Absa guns for Mkhwebane as legal battle over Bankorp bailout looms

Absa is also seeking an order compelling Mkhwebane to pay its legal costs on a punitive scale.


Absa Bank said on Tuesday that public protector Advocate Busisiwe Mkhwenbane had failed to conduct a fair and unbiased investigation into the Bankorp apartheid lifeboat as it seeks the review and setting aside of her report on the Bankorp bailout.

This comes after Absa filed its replying affidavit to Mkhwebane’s answering affidavit late on Monday.

Mkhwebane filed her answering affidavit in response to the review applications brought by Absa, seeking the setting aside of her report on the financial assistance provided by the South African Reserve Bank (Sarb) to Bankorp, which was acquired by Absa at fair value in 1992.

The Gauteng High Court in Pretoria will hear the matter from 5 to 7 December.

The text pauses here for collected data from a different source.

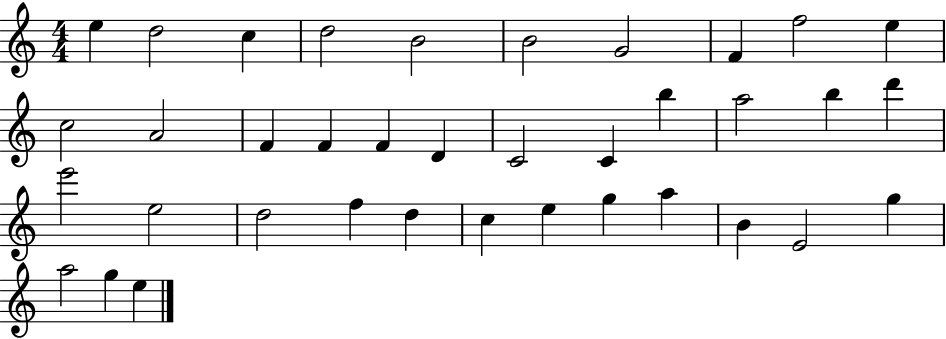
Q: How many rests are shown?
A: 0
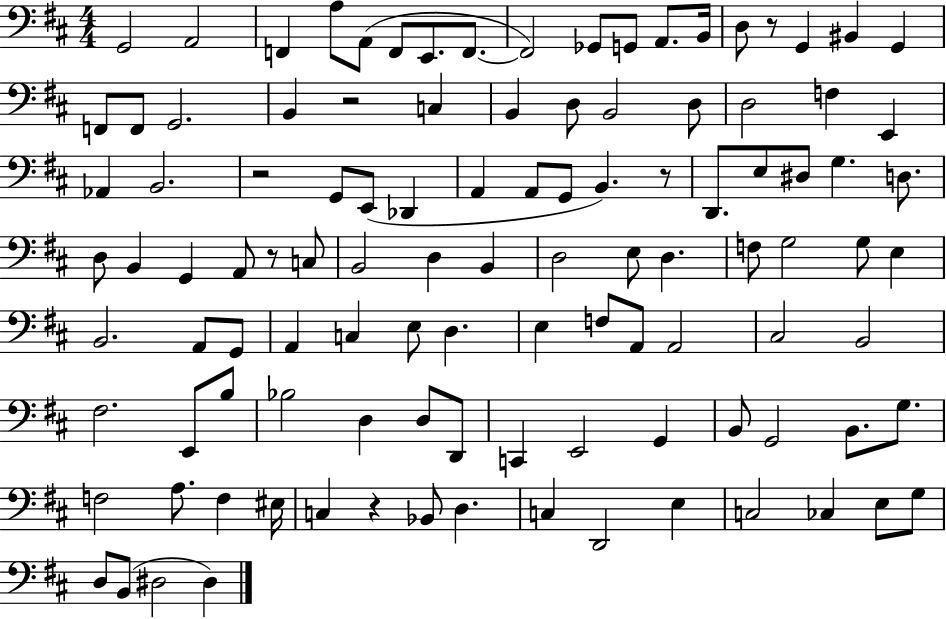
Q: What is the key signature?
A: D major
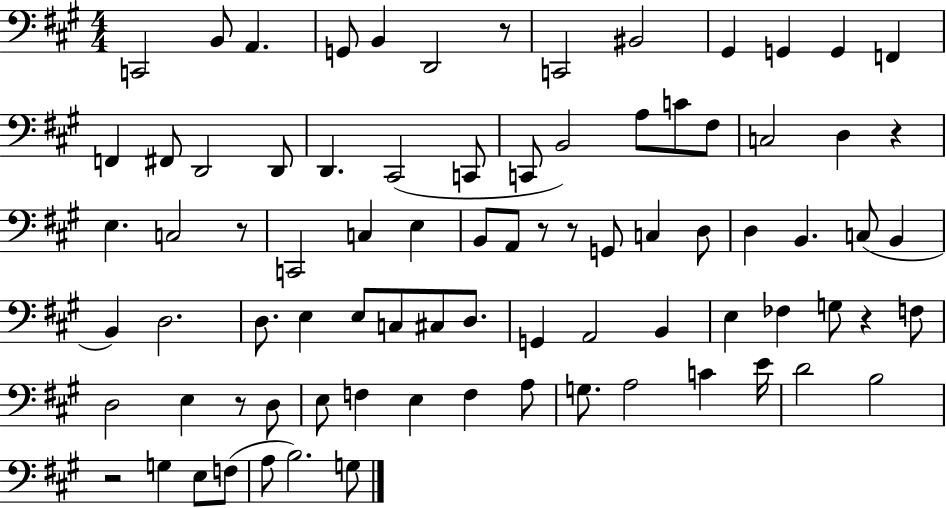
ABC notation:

X:1
T:Untitled
M:4/4
L:1/4
K:A
C,,2 B,,/2 A,, G,,/2 B,, D,,2 z/2 C,,2 ^B,,2 ^G,, G,, G,, F,, F,, ^F,,/2 D,,2 D,,/2 D,, ^C,,2 C,,/2 C,,/2 B,,2 A,/2 C/2 ^F,/2 C,2 D, z E, C,2 z/2 C,,2 C, E, B,,/2 A,,/2 z/2 z/2 G,,/2 C, D,/2 D, B,, C,/2 B,, B,, D,2 D,/2 E, E,/2 C,/2 ^C,/2 D,/2 G,, A,,2 B,, E, _F, G,/2 z F,/2 D,2 E, z/2 D,/2 E,/2 F, E, F, A,/2 G,/2 A,2 C E/4 D2 B,2 z2 G, E,/2 F,/2 A,/2 B,2 G,/2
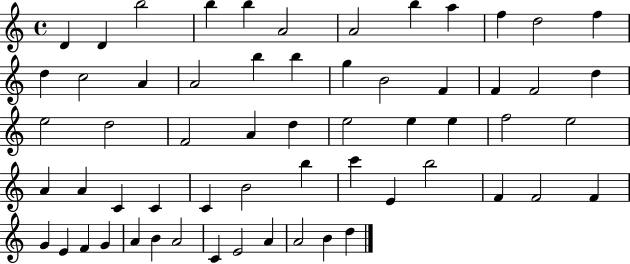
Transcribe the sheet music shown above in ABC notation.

X:1
T:Untitled
M:4/4
L:1/4
K:C
D D b2 b b A2 A2 b a f d2 f d c2 A A2 b b g B2 F F F2 d e2 d2 F2 A d e2 e e f2 e2 A A C C C B2 b c' E b2 F F2 F G E F G A B A2 C E2 A A2 B d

Earlier this year, Mkhwebane said in a report the country’s then government and the Sarb failed to recover an apartheid-era loan of R1,125 billion made between 1985 and 1995 to Bankorp Limited, which was subsequently bought by Absa Bank.

In her report, Mkhwebane instructed the Special Investigative Unit (SIU) to recover the R1.125 billion loan from Absa.

But in her affidavit, she now contends that her report merely requested President Jacob Zuma to consider asking the SIU to conduct yet a further investigation into who, if anyone, should repay this financial assistance.

Mkhwebane said her office’s investigations had found that the white minority government of the time breached the constitution by supplying the loans.

Absa, a subsidiary of Barclays Africa Group, denies any wrongdoing.

Absa said Mkhwebane’s answering affidavit seeks to introduce new justifications and reasoning in support of the “unlawful remedial action”.

“The new reasons which did not inform the public protector’s report, have never been put to Absa for a response before the report was issued. In Absa’s view, apart from being legally impermissible, these attempts amount to an admission that the report cannot stand on its own,” the bank said.

“The public protector has failed to adhere to the standards demanded of an organ of state in litigation. She has neither engaged candidly nor unambiguously with the evidence, nor has she complied with her obligations to furnish the full Rule 53 Record to the parties.”

Meanwhile, Sarb also accused Mkhwebane of abusing her power in a legal battle over her Bankorp report.